Pasien juga mendapatkan edukasi tentang cara menyesuaikan tekanan lingkungan, misalnya dengan menekan hidung kemudian menghembuskan napas sambil menelan ludah sehingga tuba eustachius, yakni saluran yang menghubungkan bagian tengah telinga dan nasofaring atau bagian atas tenggorokan, terbuka.
"Atau bisa juga dengan menguap, jadi tekanan di luar dan dalam sama. Bisa juga makan permen, minum air, karena menelan kan melakukan ekualisasi (menyesuaikan tekanan)," ujarnya. Didi mengingatkan pasien yang tidak bisa melakukan penyesuaian tekanan agar tak memaksakan diri demi menghindari risiko trauma pada telinga.
Selanjutnya, jika dokter menyatakan pasien bisa menjalani terapi, maka dia bisa masuk ke dalam ruangan atau disebut juga chamber. Ruangan terapi biasanya terbagi menjadi dua jenis, yaitu monoplace yang hanya memungkinkan satu pasien dan multiplace yang memungkinkan sekitar tiga pasien bersama perawat atau pendamping.
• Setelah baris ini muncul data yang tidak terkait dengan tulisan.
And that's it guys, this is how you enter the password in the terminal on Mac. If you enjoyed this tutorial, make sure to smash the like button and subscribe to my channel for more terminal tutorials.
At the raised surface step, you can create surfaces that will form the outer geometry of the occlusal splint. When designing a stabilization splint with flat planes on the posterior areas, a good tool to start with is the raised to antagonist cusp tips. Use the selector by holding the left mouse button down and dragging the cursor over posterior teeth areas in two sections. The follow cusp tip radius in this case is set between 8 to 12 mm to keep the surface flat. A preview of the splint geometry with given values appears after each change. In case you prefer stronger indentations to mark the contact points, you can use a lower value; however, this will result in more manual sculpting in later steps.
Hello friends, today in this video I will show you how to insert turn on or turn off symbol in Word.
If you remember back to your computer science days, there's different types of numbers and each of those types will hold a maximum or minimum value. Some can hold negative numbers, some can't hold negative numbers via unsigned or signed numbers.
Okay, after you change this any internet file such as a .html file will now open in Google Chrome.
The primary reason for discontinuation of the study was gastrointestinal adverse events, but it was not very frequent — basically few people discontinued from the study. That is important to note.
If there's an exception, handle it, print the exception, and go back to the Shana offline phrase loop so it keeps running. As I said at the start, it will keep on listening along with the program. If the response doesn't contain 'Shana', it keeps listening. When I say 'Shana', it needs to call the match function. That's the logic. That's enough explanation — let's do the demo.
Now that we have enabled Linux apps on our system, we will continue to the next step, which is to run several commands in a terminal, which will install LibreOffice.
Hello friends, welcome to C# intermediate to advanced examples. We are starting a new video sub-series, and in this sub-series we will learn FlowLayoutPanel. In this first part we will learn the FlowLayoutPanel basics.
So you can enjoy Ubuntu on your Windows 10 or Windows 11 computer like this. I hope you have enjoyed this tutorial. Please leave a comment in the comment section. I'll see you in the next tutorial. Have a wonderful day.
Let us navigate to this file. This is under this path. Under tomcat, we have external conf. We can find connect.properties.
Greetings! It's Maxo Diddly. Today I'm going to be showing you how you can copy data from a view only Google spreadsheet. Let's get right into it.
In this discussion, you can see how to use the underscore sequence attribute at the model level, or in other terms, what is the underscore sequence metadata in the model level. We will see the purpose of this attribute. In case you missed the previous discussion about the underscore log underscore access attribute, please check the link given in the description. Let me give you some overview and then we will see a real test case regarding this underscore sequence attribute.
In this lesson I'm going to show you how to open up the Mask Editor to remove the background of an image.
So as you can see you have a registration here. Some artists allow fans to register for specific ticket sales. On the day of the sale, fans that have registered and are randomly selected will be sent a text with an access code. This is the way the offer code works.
Di RSUD Kepulauan Seribu, tersedia tipe ruang terapi hiperbarik yang bisa memuat empat orang, terdiri dari tiga pasien dengan satu pendamping. Selama terapi, pasien bisa mendengarkan musik dan menonton tayangan kesukaan apabila di dalam ruangan tersedia televisi. Namun, sebagian pasien memilih mengobrol dengan sesama hingga terapi selesai.
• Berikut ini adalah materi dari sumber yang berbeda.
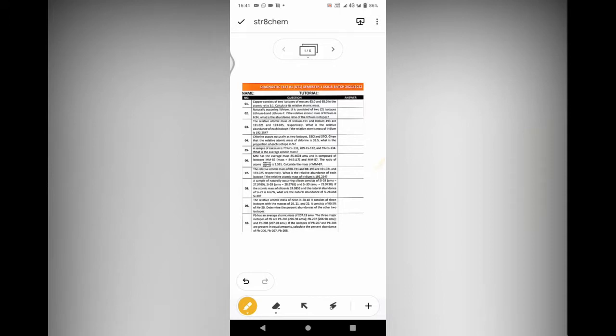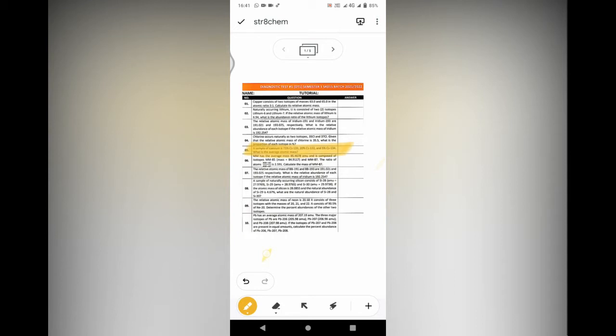Hi everyone, welcome to Straight Game. Today we're going to discuss a question from diagnostic test 1, question number 5. The question is: a sample of calcium is 75% calcium-133, 20% calcium-132, and 5% calcium-134.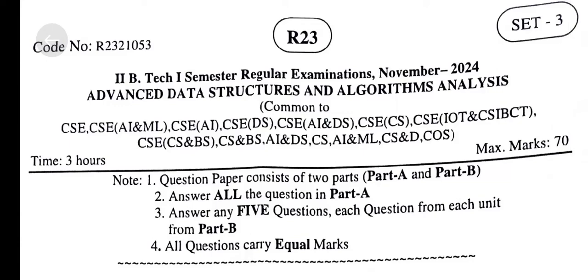2nd BTEK 1st Semester Regular Examinations November 2024, R23 Regulation, Jane 2 Kakinada, Set No. 3. Subject: Advanced Data Structures and Algorithms Analysis, Common to CSE and CSE Related to All Branches.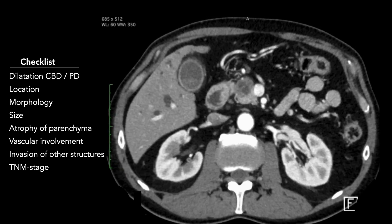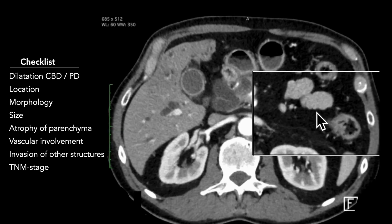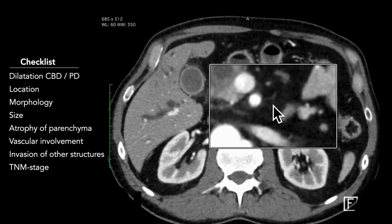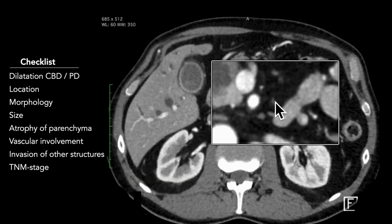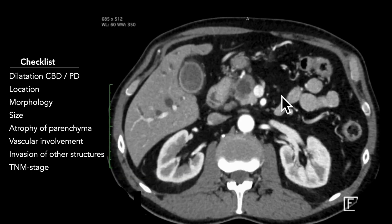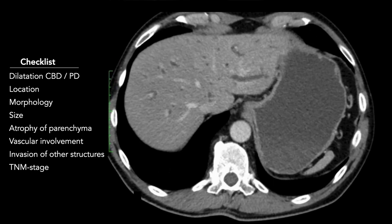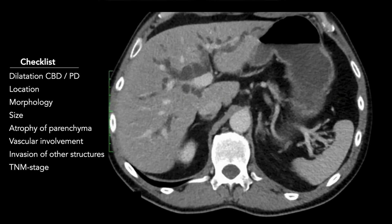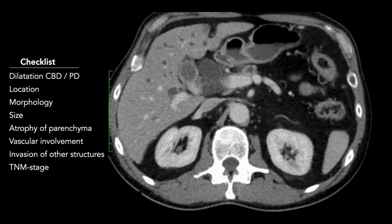Some lymph nodes are seen, but all are small — less than 10 millimeters in short axis — so no clear signs of lymph node metastasis. The portal venous phase shows no signs of liver metastasis.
Terkait efek samping, keracunan oksigen jarang terjadi tetapi dapat ditangani dengan membuka masker. Hasil terapi bisa dirasakan oleh pasien bahkan setelah satu kali terapi. Namun, untuk hasil yang optimal, pasien setidaknya perlu menjalani terapi lima kali dalam seminggu. Terapi oksigen hiperbarik juga bisa dilakukan pada anak-anak dengan autisme, celebral palsy, dan lansia untuk meningkatkan energi dan mengurangi kelelahan. (ant)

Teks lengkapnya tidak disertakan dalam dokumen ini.